On exprime ainsi le noyau de la tradition pétrinienne de l’Église catholique, explicité dans l’expression " chef de toute l’Église universelle " qui, dans la pensée des pères conciliaires de Florence, entend exclure les éventuelles interprétations conciliaires de l’expression " vicaire du Christ ". Autrement dit, on affirme ainsi que le pouvoir papal n’est pas donné par la communauté ecclésiale et ne dérive pas d’elle, mais qu’au contraire cette dernière est gouvernée par le Christ par l’intermédiaire de son vicaire, l’Évêque de Rome. Il en résulte également sa " pleine autorité " de paître et de diriger l’Église universelle, qui lui vient du Christ.

Le Concile Vatican I reprendra cet enseignement de façon plus systématique dans ses chapitres sur l’institution par le Christ de la primauté apostolique de Pierre, de la pérennité de ce ministère dans ses successeurs, de la nature de cette primauté " de juridiction " dotée du charisme de l’infaillibilité.
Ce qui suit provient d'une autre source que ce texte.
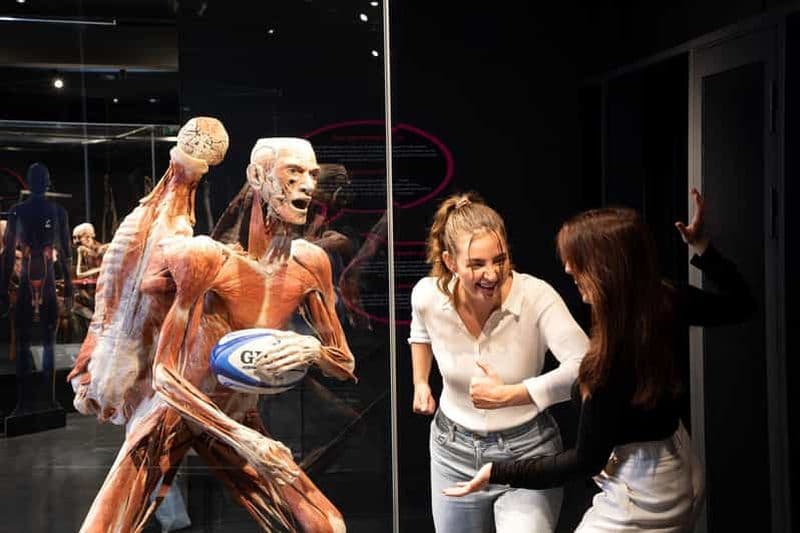 Billet Body Worlds Amsterdam : Le billet du Happiness Project
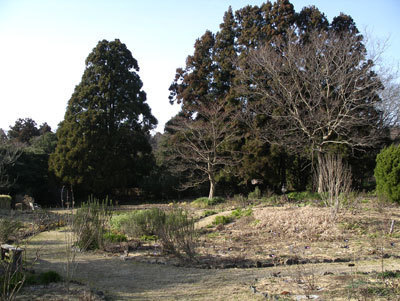 IMGP0108.jpg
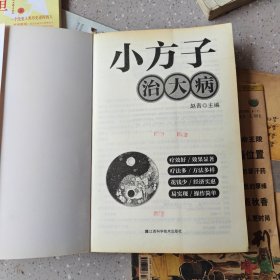 小方子治大病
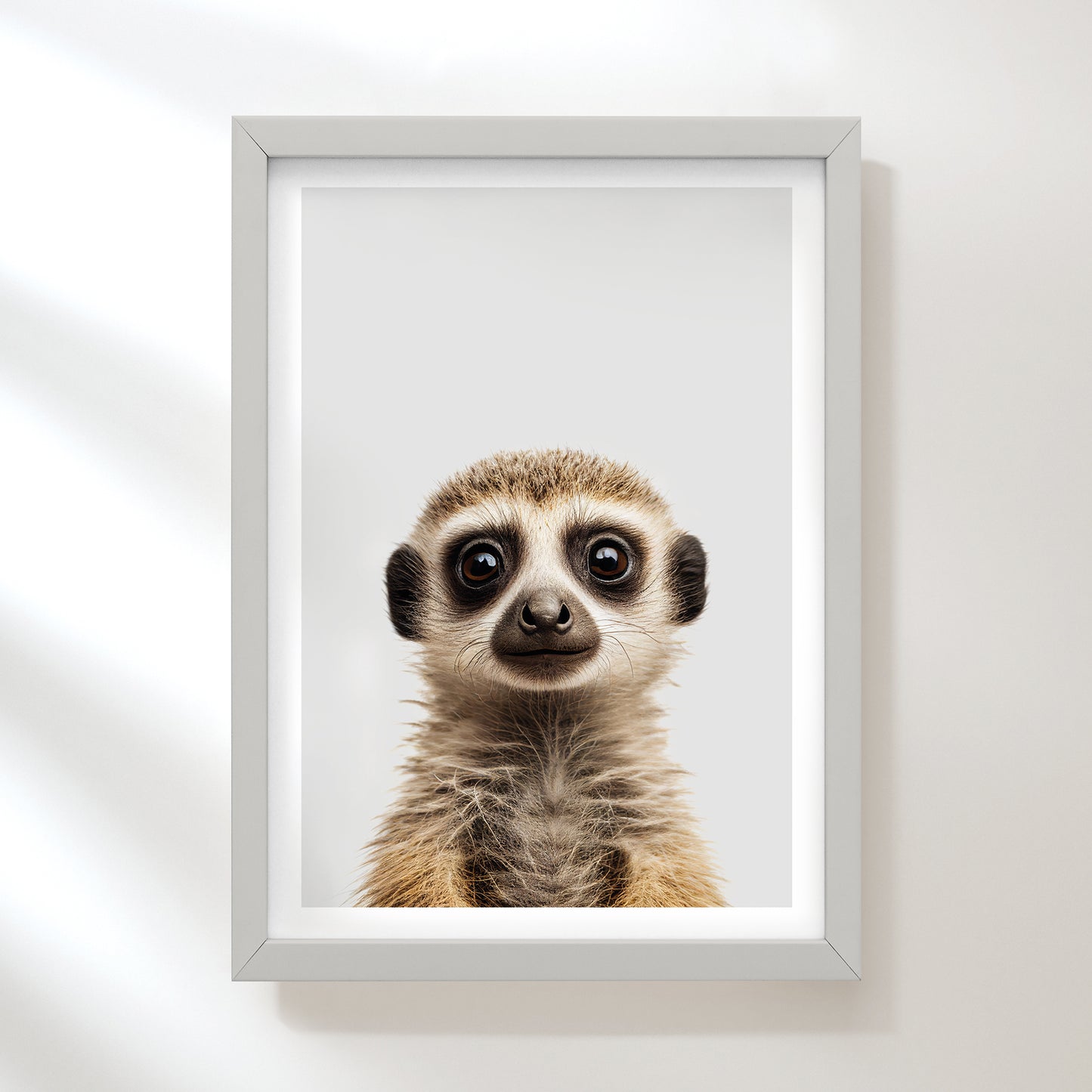 Meerkat Art Print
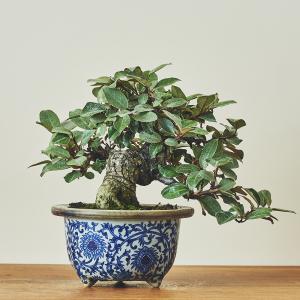 寒グミ/盆栽、多肉植物、塊根植物、観葉植物通販/KIDORI -キドリ-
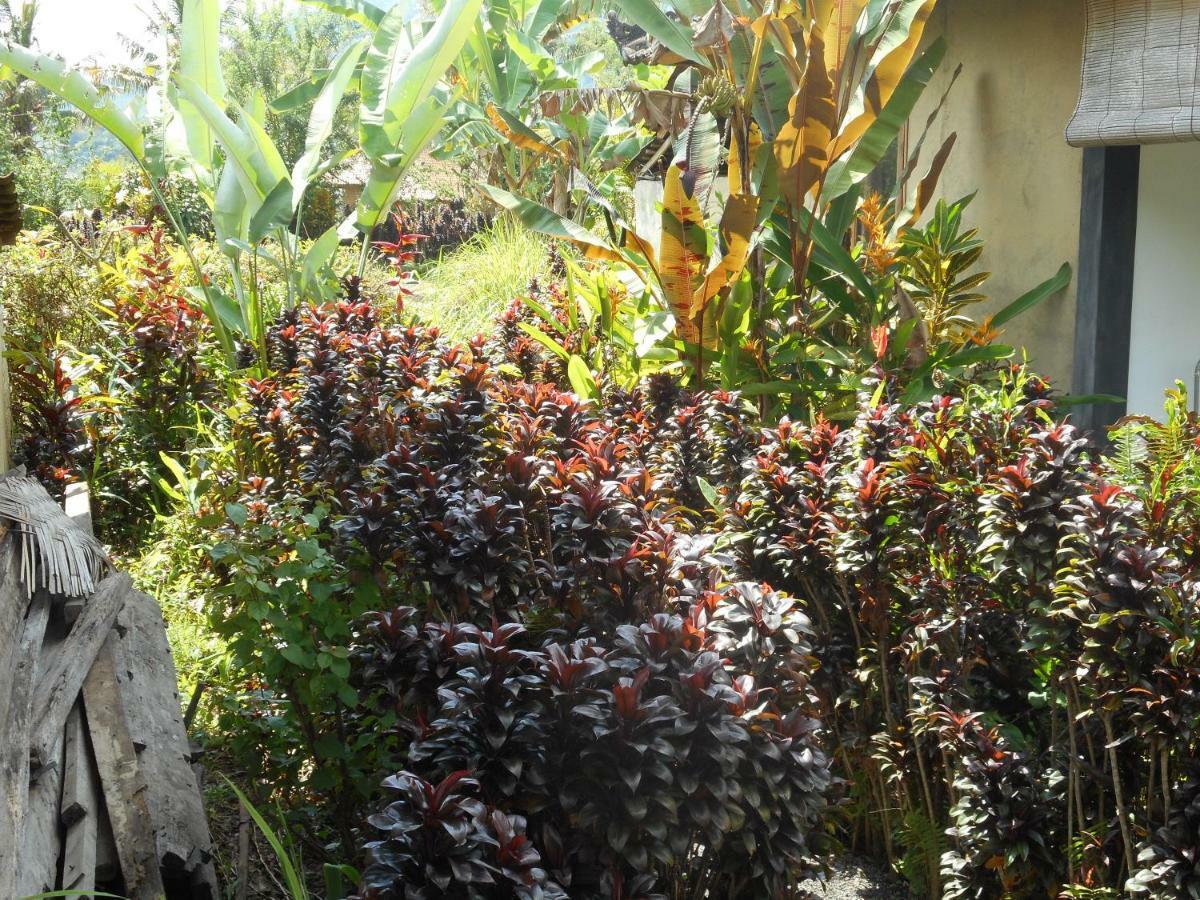 The Bukit Artha Sidemen (Bali) Exterior foto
Il est important d’observer toutefois que le pouvoir propre au " vicaire du Christ " peut pas être déduit dans l’abstrait d’une conception canonique ou juridique du " pouvoir vicaire ", mais qu’il découle de la volonté positive du Christ, qui l’institue. D’où également la signification du lien historique implicite dans le titre de " Successeur de Pierre ". Ainsi, par exemple, étaient erronées les théories canoniques ou théologiques qui donnaient au " vicaire du Christ " un pouvoir sur le monde entier, sur l’Église et sur les réalités temporelles, sur les fidèles chrétiens et sur les non chrétiens. De même, on ne peut pas non plus en déduire que tout le droit et la juridiction de l’Église dérivent directement de la pleine autorité du " vicaire du Christ ".

En effet, les affirmations conciliaires à Florence, de Vatican I et de Vatican II soulignent également que les évêques sont aussi des pasteurs naturels, successeurs des apôtres, et que le ministère papal n’annule pas celui épiscopal en faisant des évêques des " vicaires " ou des " délégués " du pape, mais au contraire le confirme et le renforce. C’est en ce sens qu’il faut lire la suite du passage de Laetentur caeli, le fameux paragraphe Tantum autem abest de Pastor aeternus, ainsi que les vastes enseignements du chap. III de Lumen gentium sur le ministère et le collège épiscopal. Ces perspectives sont particulièrement importantes pour le cheminement œcuménique, comme l’avait déjà montré le Concile de Florence, mais aussi très clairement Lumen gentium et Unitatis redintegratio, et plus récemment l’encyclique Ut unum sint.

Par l’expression " maître de tous les chrétiens ", on met en lumière le service singulier à la foi de toute l’Église que le Seigneur a confié à Pierre et à ses successeurs. À Florence, on voulait exprimer ainsi la conscience que l’Évêque de Rome avait toujours conservé et défendu la foi véritable, en sa qualité de vrai maître de tous les fidèles. En fait, Vatican I a pu logiquement s’appuyer sur cette expression dans sa définition de l’infaillibilité du magistère papal ; le service du vicaire du Christ afin que l’Église demeure toujours dans la foi véritable trouvait ainsi l’expression solennelle de son fondement dans l’assistance particulière de l’Esprit Saint. Vatican II a confirmé cet enseignement sur le magistère authentique du successeur de Pierre, y compris le charisme de l’infaillibilité par lequel l’Esprit le maintient dans la vérité de l’Évangile, comme dimension essentielle du ministère du vicaire du Christ pour l’Église tout entière.

Ainsi donc, l’Évêque de Rome, successeur de Pierre, rend le Christ présent de manière propre et véritable par son ministère comme père et maître de tous les chrétiens et chef de l’Église universelle. De cette Église, qui est en Christ comme un sacrement " de l’union intime avec Dieu et de l’unité de tout le genre humain " (LG 1), en qui il n’existe ni frontières ni discriminations selon des critères humains, l’Évêque de Rome est le principe et le fondement perpétuel et visible de l’unité dans la foi et dans la communion, tant des évêques que de la multitude des fidèles.